Jako miejsce prób wybrano zbudowane w czasie drugiej wojny i nieużywane od dekady lotnisko, które następnie rozbudowywano, przystosowując do prób U-2. Prowadzono tam następnie – w ramach programu OXCART – testy jeszcze bardziej niecodziennej maszyny, czyli Lockheada A-12, poprzednika SR-71 Blackbird.

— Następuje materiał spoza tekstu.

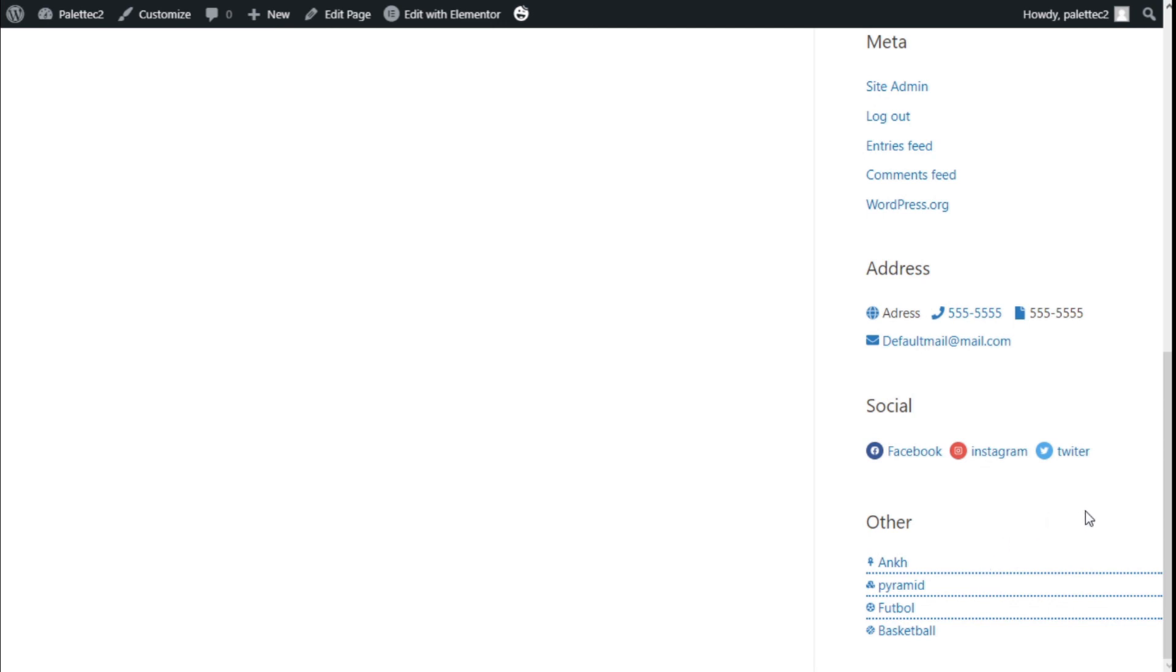So that's it. We've learned how to add some extra widgets to the ASTRA theme using the ASTRA Widgets plugin in a quick and easy manner. If you liked the video, subscribe to our channel and share with a friend who might need help on this. See you next time. Bye.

Niewykluczone, że to właśnie nietypowy kształt samolotów mógł sprawić, że różni obserwatorzy nabrali przekonania o testach pozaziemskich technologii. Niestety dla poszukiwaczy spisków, prawda jest dość banalna – jak wynika z dokumentów, Strefa 51 to po prostu miejsce, gdzie testowano samoloty.